Keyboard shortcuts

Press or to navigate between chapters

Press S or / to search in the book

Press ? to show this help

Press Esc to hide this help

Stdlib: Email & Http

Alpha (v0.1). Breaking changes expected.

External connections live in stdlib namespaces. Email handles IMAP/SMTP. Http handles HTTP. (See also Db for SQLite access.) The interface boundary is planned so these backends can become swappable; v0.1 wires the default Email and Http transports only.

Email

Default implementation uses imap (fetch) + lettre (send). v0.1 reads credentials from environment variables:

export IMAP_HOST=imap.gmail.com
export SMTP_HOST=smtp.gmail.com          # optional — defaults to IMAP host with `imap.` → `smtp.`
export EMAIL_USER=you@example.com
export EMAIL_PASS=app-password

If those aren’t set, Email.fetch returns [] and Email.send is a no-op (with a stderr warning), so programs keep running.

Fetch messages

emails = Email.fetch(unread: true)   # up to 20 most recent unread from INBOX

Each returned map has from, subject, body, unread, and uid keys. The uid is the IMAP UID of the message and is required by Email.archive.

Send messages

Email.send(reply, to: email.from)
Email.send(reply, to: address, subject: "Re: hello")

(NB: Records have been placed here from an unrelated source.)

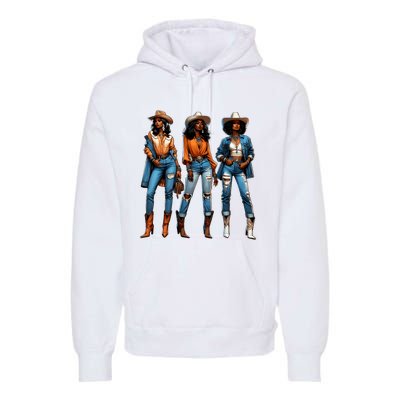 Black Cowgirl Western Rodeo Juneteenth Black History Texas Premium Hoodie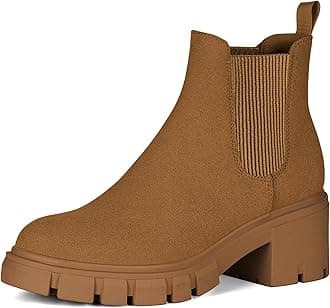 Athlefit Women's Chelsea Boots Fashion Lug Sole Chunky Heel Slip on Elastic Ankle Booties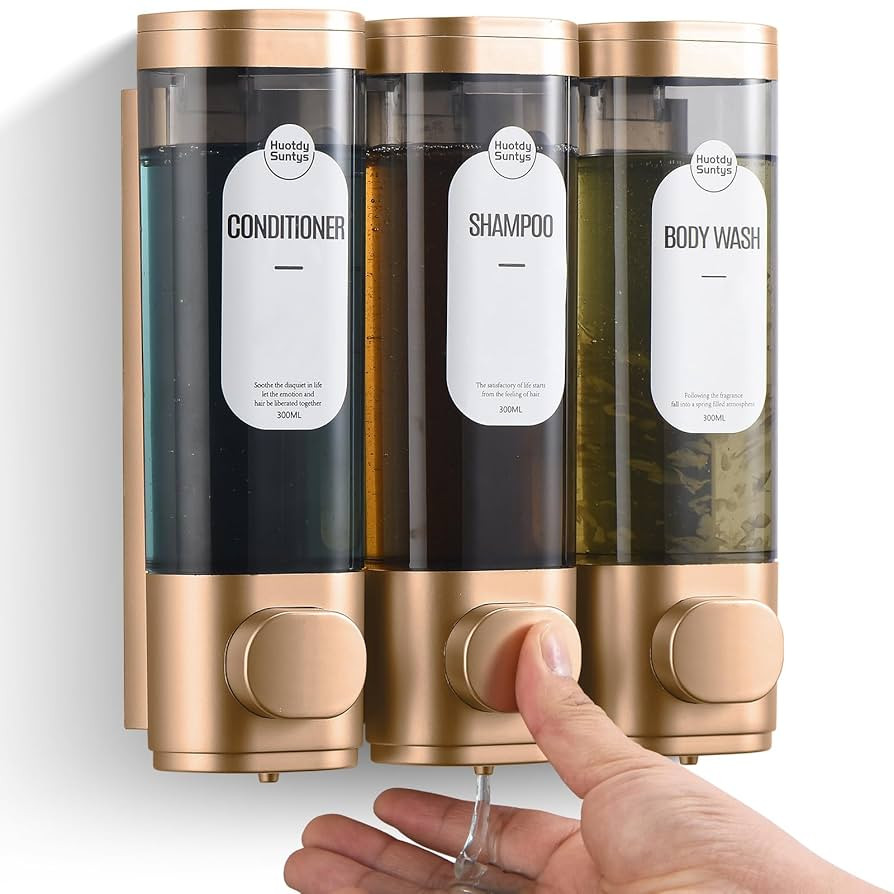 Shampoo and Conditioner Dispenser，Refillabe Shower Soap Dispensers 3 Chamber No Drill Shampoo D... | Amazon (US)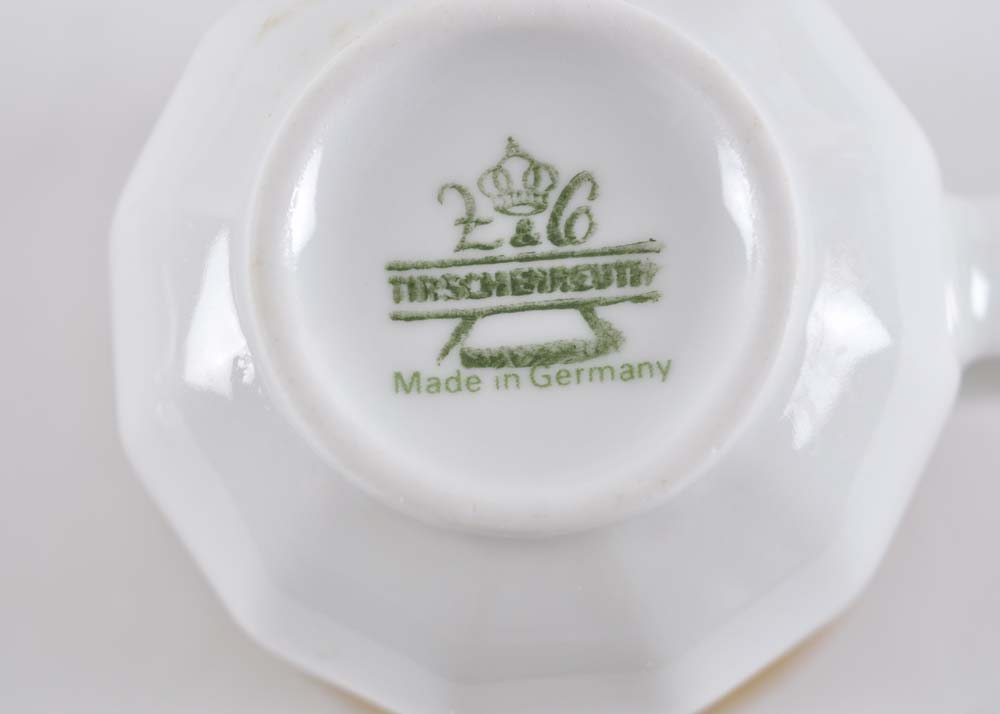 Set of Four Petite Rose by Tirschenreuth Demitasse Cups and Saucers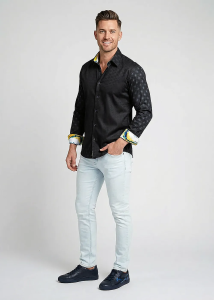 Descubre las coloridas camisas de botones para hombre de WELTENENGEL -...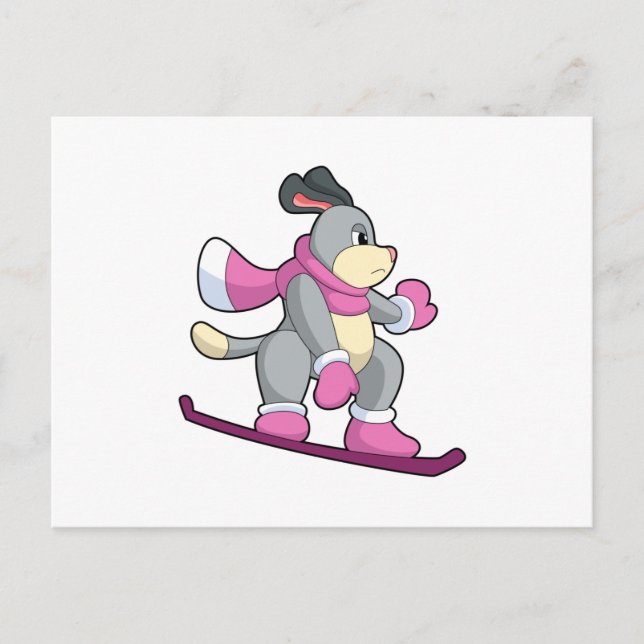 Carte Postale Chien en snowboard avec son snowboard (Devant)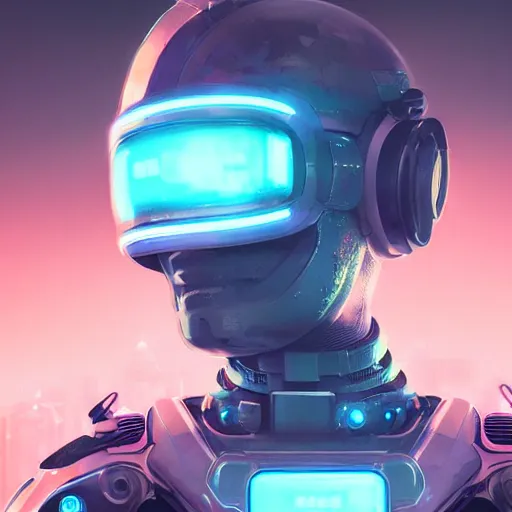 Image similar to cyberpunk concept cool warrior bot, cinema 4 d, galaxy, ufo, space sci - fi, wearing vr goggles, illustration, portrait, pastel neon textured background night, trending on artstation, greg rutkowski, octane rendered, 1 2 k, detailed,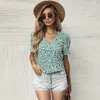 Bluzki damskie 2024 Summer Floral V-Neck Short-Sleeve Shirt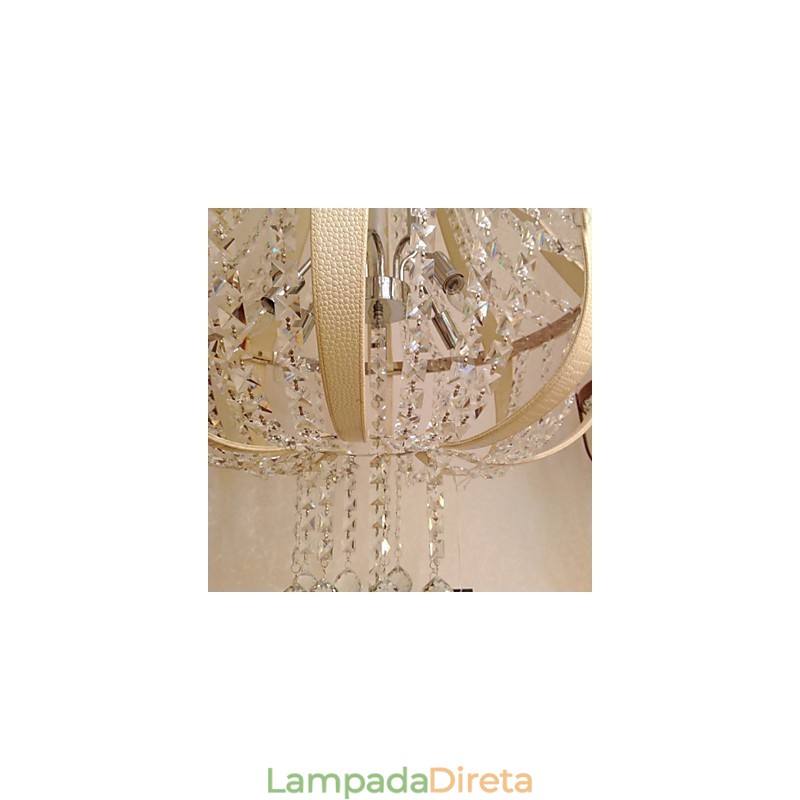 Pós-moderno luxo couro cristal criativo lustre lron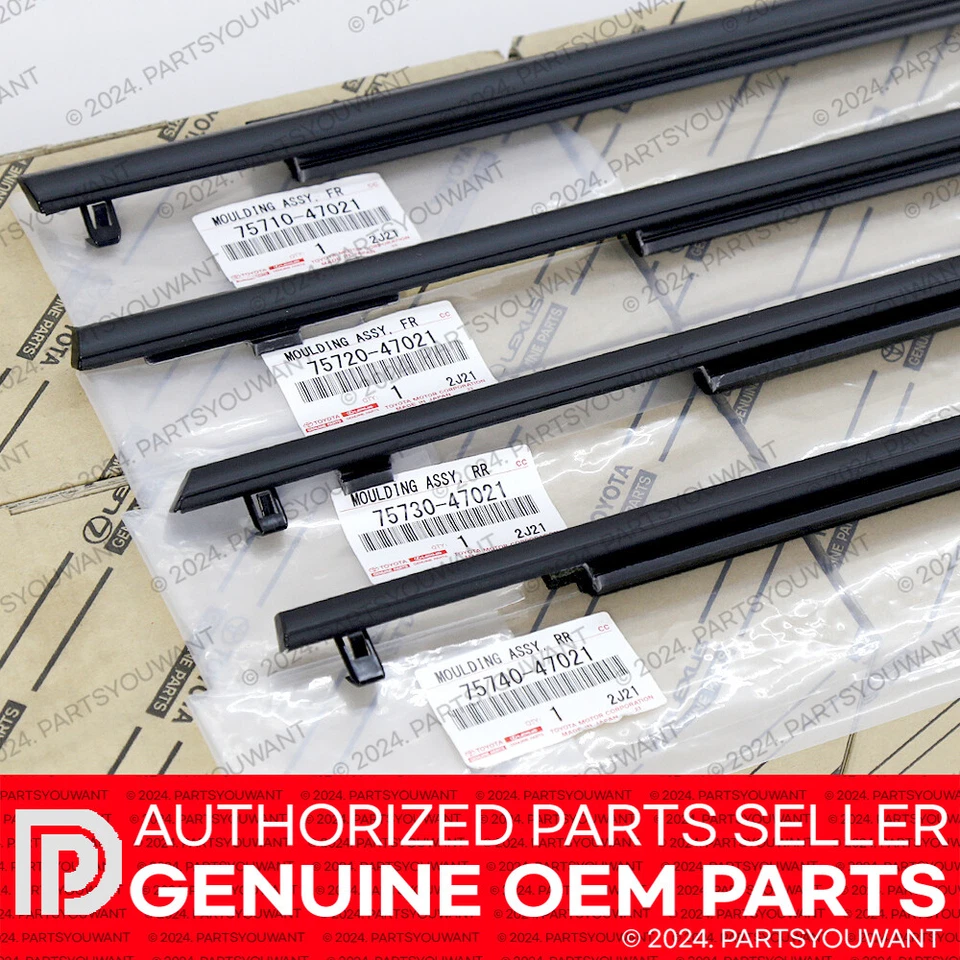 GENUINE Toyota 2010-2015 Prius OEM Window Door Belt Molding Weatherstrip [SET] - Image 1 of 4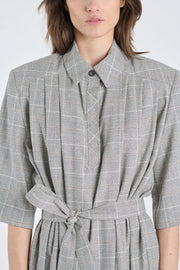 Salt&pepper wool dress with shoulder pads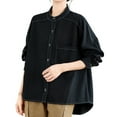 thumbnail image 2 of Craaazy Button Down Shirts For Women Twill Solid Color Long Sleeved Shirt Gifts For Women, 2 of 7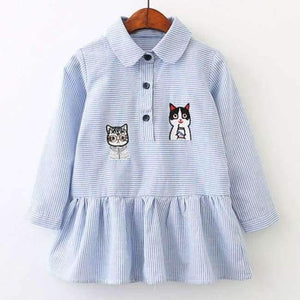 Planet Gates Blue AZ1212 / 3T Girls Dress  New Brand Girls Clothes European And America Style Kids Clothes Plaid Pocket Design Baby Girls Dress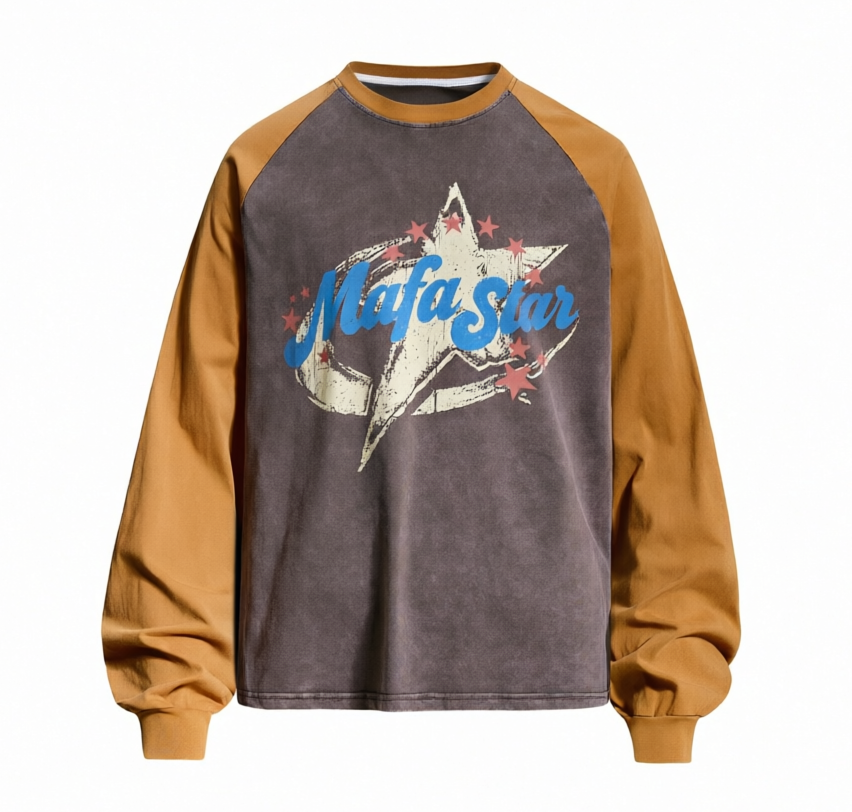 DONOTLOGO 90s Collegiate Aesthetic | Unisex Oversized Raglan Jersey | Distressed Wash with Retro Star Motif & Contrast Sleeve Design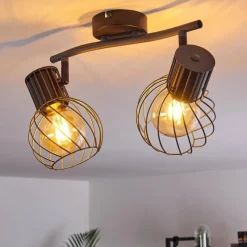 hofstein Plafonnier Kenia Gris, Noir, 2 lumières* Spots Et Projecteurs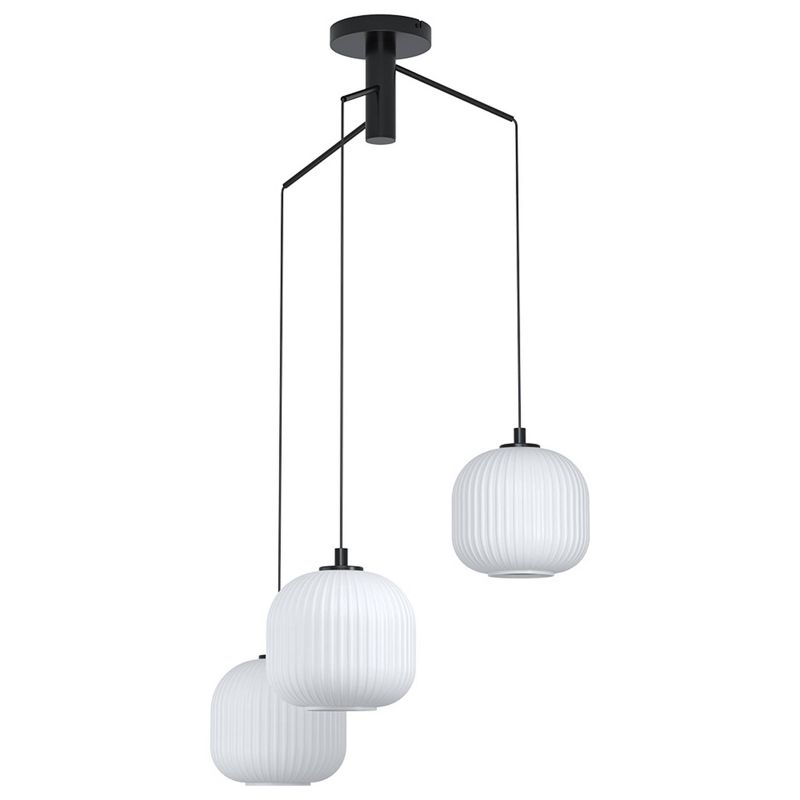 3-Light Mantunalle Staircase Pendant Black Finish with White Ribbed Glass Shade - EGLO, 1 of 5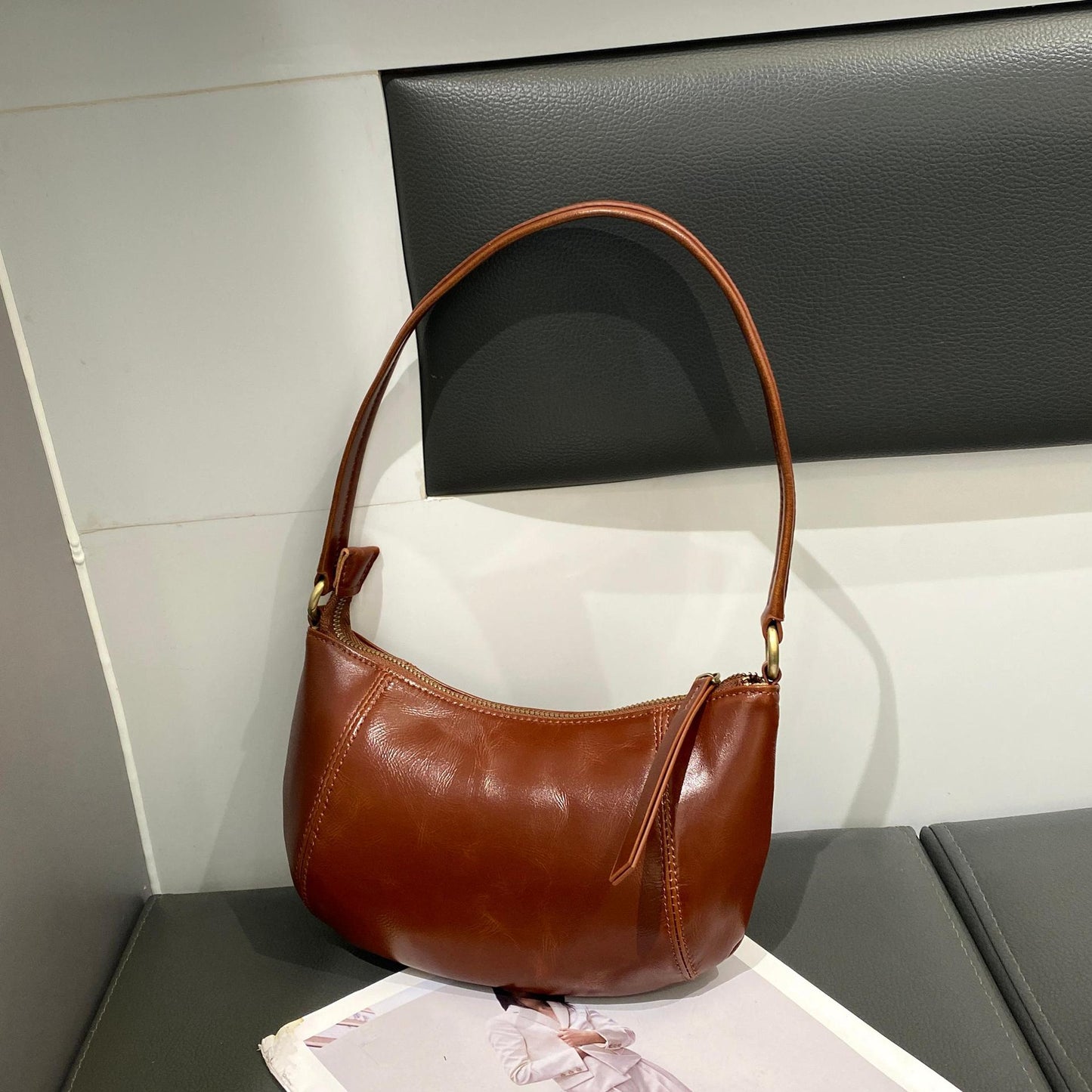 Design Large Capacity Totes Cowhide Commuter Pocket Women's Shoulder Bag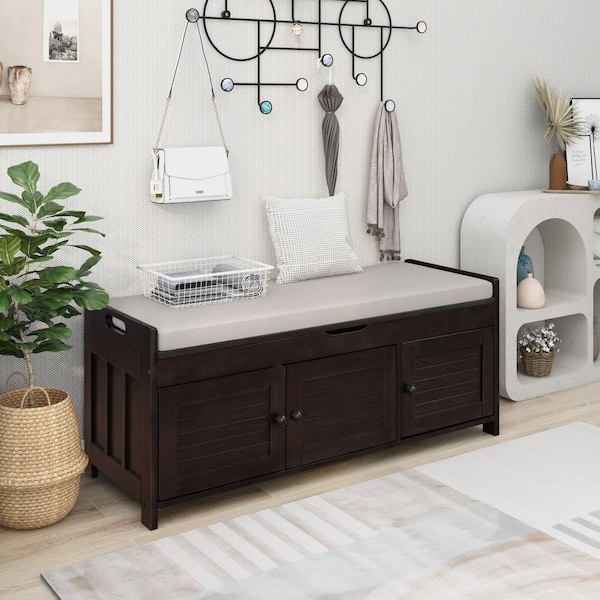 Shutter Door Entryway Bench with 3 Storage Cabinets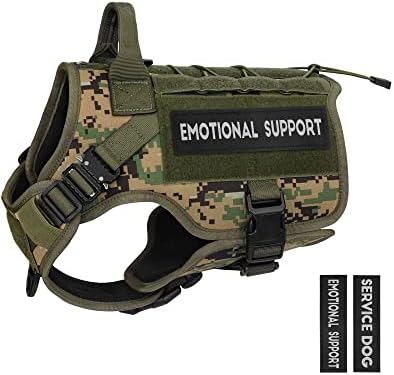 PETNANNY Tactical Dog Harness - Service Dog Harness Emotional Support Dog Vest for Medium Large Dogs, No Pull ESA Dog Vest with Hook & Loop, Working Molle Vest for Training Huntin(Woodland Camo,S)
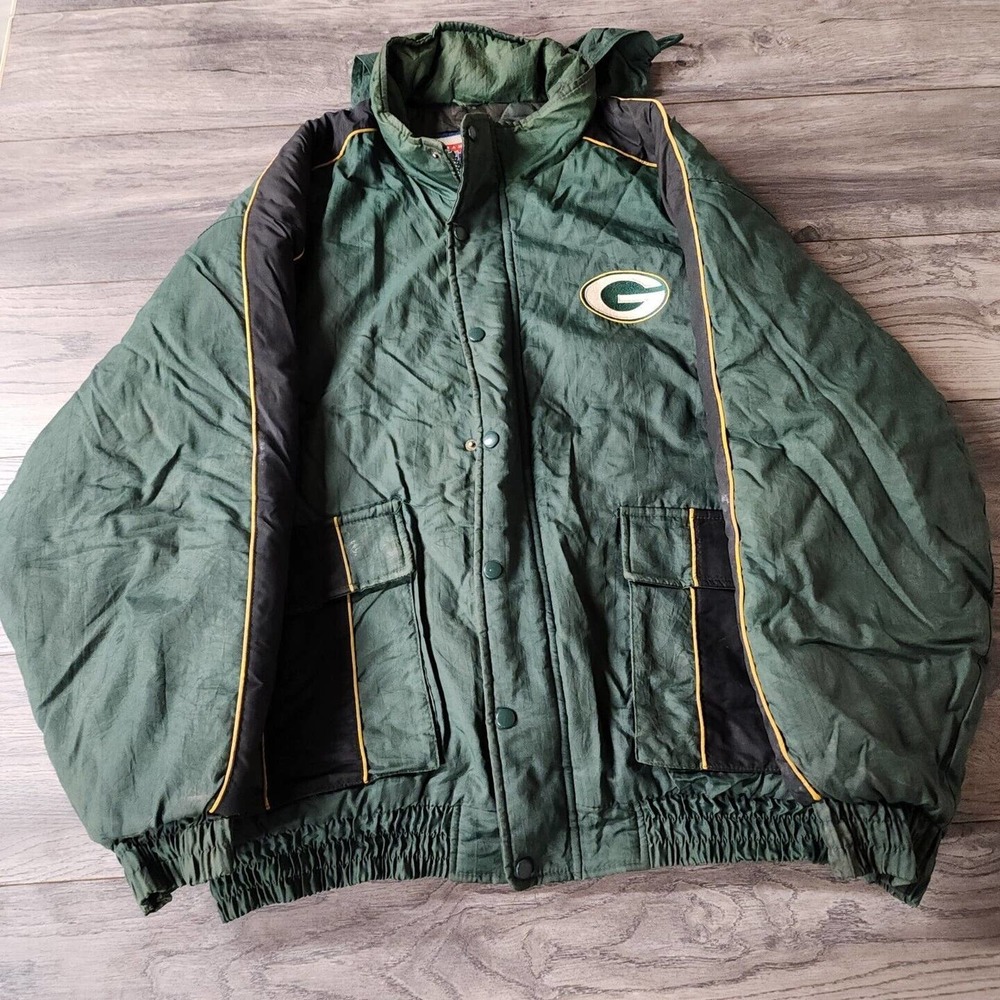 Green Bay Packers NFL Vintage 90's Logo Athletic Hooded Heavy Jacket XL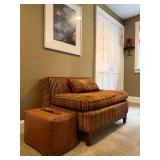 Dunbar, Mid Century Armless Armchair, Striped Velvet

Positional body can be a str or a map with body (and optional subject). to: can be an address string or a map with from.

Archive

for email in Email.fetch(unread: true) {
  Email.archive(email)
}

Email.archive performs an IMAP UID MOVE on the message, falling back to COPY + \Deleted + EXPUNGE for servers without the MOVE extension. The destination folder defaults to Archive; override with the IMAP_ARCHIVE_FOLDER env var:

export IMAP_ARCHIVE_FOLDER="[Gmail]/All Mail"

The argument must be a message map with a positive uid field — the shape returned by Email.fetch. If credentials are not configured the call is a silent no-op so programs keep running.

Http

Default implementation wraps reqwest.

GET

response = Http.get("https://api.example.com/data")
# response: HttpResponse?

if response?.is_ok {
  users = response?.json_as[list[User]]() ?? []
}

POST

response = Http.post("https://api.example.com/v2/events",
  json: {kind: "email_processed", count: 42},
  headers: {Authorization: "Bearer {Env.require("API_KEY")}"}
)

Full request

response = Http.request(
  method: POST,
  url: "https://api.example.com/v2/classify",
  headers: {
    Authorization: "Bearer {Env.require("API_KEY")}",
    "Content-Type": "application/json"
  },
  body: {text: email.body},
  timeout: 10.seconds
)

Returns: HttpResponse? — see Types for the shape.

Http.serve — inbound HTTP (webhooks)

Start an HTTP listener on a port. Each incoming request invokes the handler closure:

Http.serve(8080, (request) => {
  method = request["method"]   # "GET", "POST", …
  path   = request["path"]     # "/webhook/events"
  body   = request["body"]     # raw body string

  if method == "POST" {
    Io.show("Received: {body}")
    { status: 200, body: "OK" }
  } else {
    { status: 405, body: "Method Not Allowed" }
  }
})
  • request — map with method, path, body (all strings)
  • Return a map with status (integer, 100–999) and body (string)
  • The server runs in a background task; Http.serve returns immediately
  • The event loop stays alive as long as at least one server is active, even with no running agents
  • When the event queue is full, incoming HTTP requests receive a 503 Service Unavailable response automatically. No user code runs for that request.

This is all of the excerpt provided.